→ **Work instruction**:
Every entry must be repeated exactly. Exclude all pictures.
(Beginning of Input records)
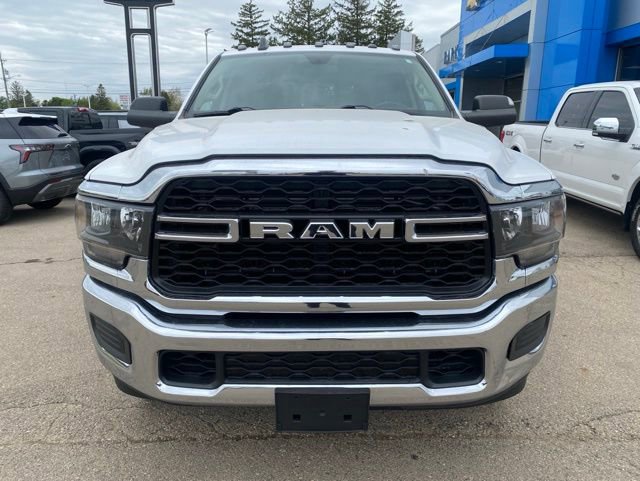 Used 2020 RAM 2500 Tradesman AWD/4WD image 7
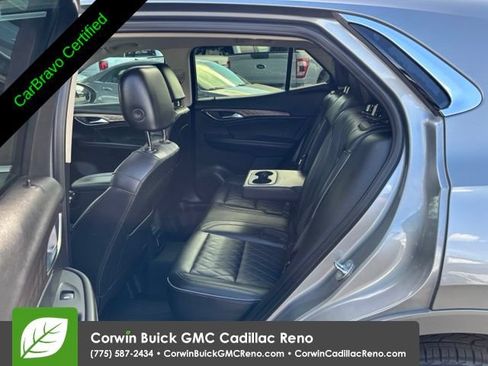Certified 2023 Buick Envision Avenir AWD/4WD image 31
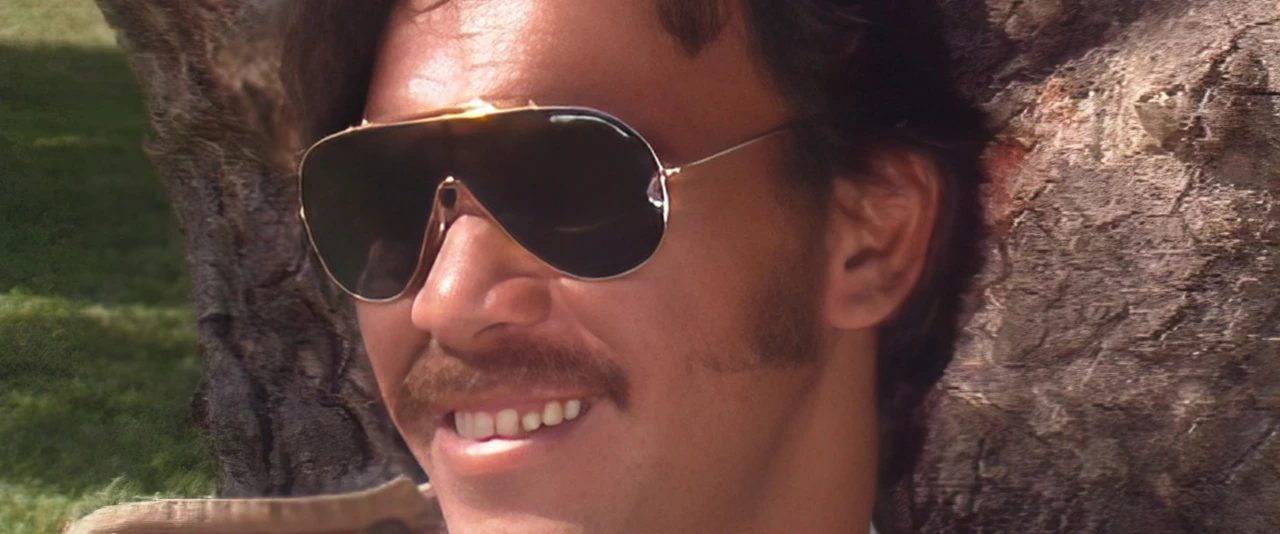 Michel Poroi - Pitate tradition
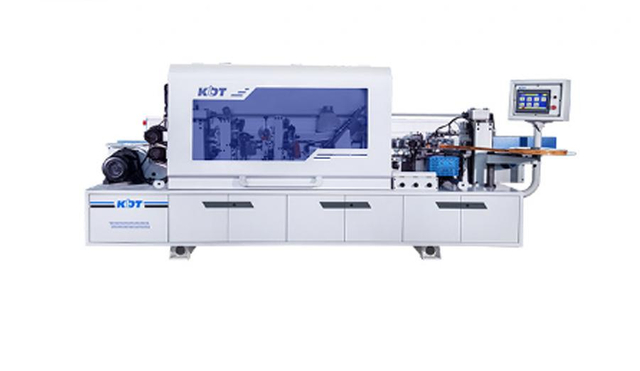 KE-365 Automatic Edge Banding Machine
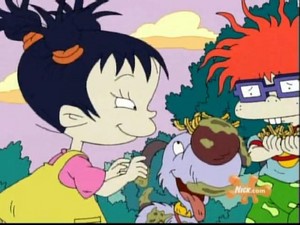 Rugrats - Bestest of Show 324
(End of Input records)
→ **Problem solution**:
 Used 2020 RAM 2500 Tradesman AWD/4WD image 7
Certified 2023 Buick Envision Avenir AWD/4WD image 31
 Michel Poroi - Pitate tradition
 KE-365 Automatic Edge Banding Machine
 Rugrats - Bestest of Show 324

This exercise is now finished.